L’autorité compétente chargée de l’obtention d’informations au sens de l’article 14 du règlement (UE) nº 655/2014, à consulter pour obtenir des informations relatives aux comptes, est l’Office fédéral de la justice (Bundesamt für Justiz).

Les coordonnées de l’Office fédéral de la justice sont les suivantes:

Bundesamt für Justiz
Adenauerallee 99-103
53113 Bonn
Allemagne
Tél.: +49-228 99 410-40
Courriel: EU-Kontenpfaendung@bfj.bund.de

Article 50, paragraphe 1, point c) – méthodes d’obtention d’informations relatives aux comptes

Aux fins de l’obtention d’informations relatives aux comptes visée à l’article 14 du règlement (UE) nº 655/2014, l’Office fédéral de la justice peut demander au Bureau central fédéral des impôts (Bundeszentralamt für Steuern) de récupérer les données suivantes auprès des établissements de crédit:

la date d’ouverture et de clôture d’un compte, le nom du titulaire du compte et, pour les personnes physiques, la date de naissance.

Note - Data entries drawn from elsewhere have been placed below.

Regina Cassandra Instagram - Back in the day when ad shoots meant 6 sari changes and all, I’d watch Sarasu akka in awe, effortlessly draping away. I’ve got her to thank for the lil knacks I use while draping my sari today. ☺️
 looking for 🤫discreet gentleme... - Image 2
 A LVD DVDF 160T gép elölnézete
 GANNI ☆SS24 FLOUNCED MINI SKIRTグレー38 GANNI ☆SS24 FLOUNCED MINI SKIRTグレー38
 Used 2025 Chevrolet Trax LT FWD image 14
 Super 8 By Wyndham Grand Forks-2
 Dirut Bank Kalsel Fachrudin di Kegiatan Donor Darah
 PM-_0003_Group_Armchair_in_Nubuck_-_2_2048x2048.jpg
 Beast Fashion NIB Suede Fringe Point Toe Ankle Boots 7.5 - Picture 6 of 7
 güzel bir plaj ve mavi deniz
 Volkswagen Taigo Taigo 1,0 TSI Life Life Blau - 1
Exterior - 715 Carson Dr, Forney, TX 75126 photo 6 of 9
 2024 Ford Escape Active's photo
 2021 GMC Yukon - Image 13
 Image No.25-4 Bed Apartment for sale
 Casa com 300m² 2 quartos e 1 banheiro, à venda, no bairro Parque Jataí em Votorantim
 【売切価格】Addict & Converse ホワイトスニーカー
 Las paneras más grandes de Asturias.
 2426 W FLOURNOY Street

Article 50, paragraphe 1, point d) – juridictions devant lesquelles il peut être interjeté appel pour refus de délivrance de l'ordonnance européenne de saisie conservatoire des comptes bancaires

Les juridictions PDF (233 Kb) de désignées sont les tribunaux cantonaux (Amtsgericht), les tribunaux régionaux (Landgericht), les tribunaux régionaux supérieurs (Oberlandsgericht), les tribunaux du travail (Arbeitsgericht) et les tribunaux régionaux du travail (Landesarbeitsgericht).

Le recours contre un refus de délivrance de l’ordonnance de saisie conservatoire peut être formé devant la juridiction qui a refusé la délivrance ou, si cette juridiction est une juridiction de première instance, devant la juridiction de degré supérieur par rapport à la juridiction précédemment saisie.

Article 50, paragraphe 1, point e) – autorités désignées comme étant compétentes pour la réception, la transmission et la signification ou la notification de l’ordonnance européenne de saisie conservatoire des comptes bancaires et d’autres documents

Les juridictions PDF (194 Kb) de désignées sont les tribunaux cantonaux (Amtsgericht).

Article 50, paragraphe 1, point f) – autorité compétente pour exécuter l’ordonnance européenne de saisie conservatoire des comptes bancaires

Les juridictions PDF (194 Kb) de désignées sont les tribunaux cantonaux (Amtsgericht).

Le tribunal cantonal (Amtsgericht) compétent selon les dispositions générales a compétence en tant que juridiction chargée de l’exécution pour exécuter l’ordonnance de saisie conservatoire. Toutefois, si l’ordonnance a été délivrée par une juridiction allemande, celle-ci est compétente en tant que juridiction chargée de l’exécution pour exécuter l’ordonnance.

Article 50, paragraphe 1, point g) – mesure dans laquelle les comptes joints et les comptes de mandataire peuvent faire l’objet d’une saisie conservatoire

Les fonds détenus sur des comptes qui, selon les dossiers de la banque gérant le compte visé, ne sont pas exclusivement détenus par le débiteur sont soumis à la saisie en vertu du droit national allemand, sans préjudice des droits éventuels des autres personnes habilitées à disposer du compte.

Les fonds détenus sur des comptes du débiteur, sur lesquels un tiers peut disposer pour le compte du débiteur, sont soumis à la saisie à l’encontre du débiteur en vertu du droit national allemand.

Les fonds détenus sur des comptes d’un tiers, sur lesquels le débiteur peut disposer pour le compte de ce tiers, sont soumis à la saisie à l’encontre du débiteur en vertu du droit national allemand.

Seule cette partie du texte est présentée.